Whole-graph coverage instead of point proofs
The verifier still starts from one entry symbol, but the certification result is about the reachable closure, not a single declaration. Coverage artifacts make the trust boundary explicit instead of hiding imported helpers or capsules.
Capsules for effect boundaries
Effectful adapters are isolated behind certified capsules. A capsule has:
- a contract
- a conformance report
- an attestation
- a declared effect-log surface
That lets the verified or trusted entry stay small while making the effect boundary reviewable.
Runtime attestation for sandboxed trust
A sandboxed certificate without runtime evidence is incomplete. The certificate therefore binds the policy, network enforcement posture, binary, compile attestation, and capsule/effect-log evidence to the observed sandbox run.

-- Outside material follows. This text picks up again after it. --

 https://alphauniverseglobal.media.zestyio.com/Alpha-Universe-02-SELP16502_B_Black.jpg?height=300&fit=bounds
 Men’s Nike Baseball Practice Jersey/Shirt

Dependency closure is part of the trust claim
Networked certification is also a package-set claim. x07 pkg attest-closure records the exact locked dependency set, per-module digests, and advisory/yank posture so x07 trust certify can expose the reviewed closure in the certificate instead of treating x07.lock.json as an untracked side input.
Certificate-first review
The intended reviewer workflow is:
- run
x07 trust certify - inspect
summary.html - inspect
certificate.json - compare changes with
x07 review diff
That is the reason X07 keeps review artifacts structured and deterministic.
Starter paths
Start from the scaffold that matches the trust claim you want:
x07 init --template verified-core-pure
x07 init --template trusted-sandbox-program
x07 init --template trusted-network-service
x07 init --template certified-capsule
x07 init --template certified-network-capsule
Canonical examples:
docs/examples/verified_core_pure_v1/docs/examples/trusted_sandbox_program_v1/docs/examples/trusted_network_service_v1/docs/examples/certified_capsule_v1/docs/examples/certified_network_capsule_v1/x07-mcp/docs/examples/verified_core_pure_auth_core_v1/x07-mcp/docs/examples/trusted_program_sandboxed_local_stdio_v1/
The standalone network capsule scaffold reuses trusted_program_sandboxed_net_v1; the network trust claim is about the profile posture and required evidence, not a separate capsule-only profile id.